On the back side of box there is a very nice exploded diagram view of the case along with a listing of the Graphite 600T’s features.
On the end caps are the specifications list and another image of the case internals.
The box took a good hit in shipping. This is the worst of the holes; got to love UPS.
The Graphite 600T comes wrapped in a cheese cloth type material and Styrofoam end caps.
Out of the wrapping we can see that the removable vent covers were taped into place to keep them from coming loose in shipping.
All the polished plastic parts were covered with a protective film as well. The film pulled of cleanly and easily.
The accessories come packed in little baggies packed inside a larger baggie.
External Impressions of the Corsair Graphite 600T
With the Graphite 600T out of the box and packing materials removed we can finally get a good look at it. The Graphite 600T has a nice smooth, classy look to it. The whole front and better part of the top are mesh for intake and ventilation. At the very top of the front are the 4 external 5.25” bays. The paint on the case is very nice. It’s a dark gray with a light metal flake to it. I was surprised at how well the finish resisted finger prints.

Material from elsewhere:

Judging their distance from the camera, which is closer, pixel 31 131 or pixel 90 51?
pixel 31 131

There are some solid black accent areas that are not painted along the sides and around the front mesh intake. The front and rear bezels wrap around the case edges. This is different than normal, but the strength is very nice. You can pick the case up by grabbing the top edges of the front and rear bezels.
At the bottom of the front is the access panel to the front 200mm intake fan and filter. To open it just push on the top edge to release it and tilt it away from the case.
The panel has a screen dust filter. With the plastic frame and the metal mesh the panel should resist bending fairly well.
Behind the panel is the front 200mm white LED intake fan. Yup, that’s right, white. In a very nice change of pace Corsair went white rather than red or blue that pretty much every off-the-shelf case has.
On the top of the Graphite 600T there is another removable vent cover. By pressing on the back edge of the panel it will pop up to be removed.
Under the panel is the top 200mm white LED exhaust fan. The fan can be replaced with two 120mm fans or a 2x120mm radiator. The radiator can be placed internally while the 120mm fans would be external between the case top and vent cover. In the forward right corner Corsair placed a hole through which the fan power cables can be run into the case.
Looking closer at the front left corner we can see a side panel lock. This will lock the left side panel. If you look closely at the fan mounting screw above the lock you can see there are individual rubber isolators for each of the fan mounting screws.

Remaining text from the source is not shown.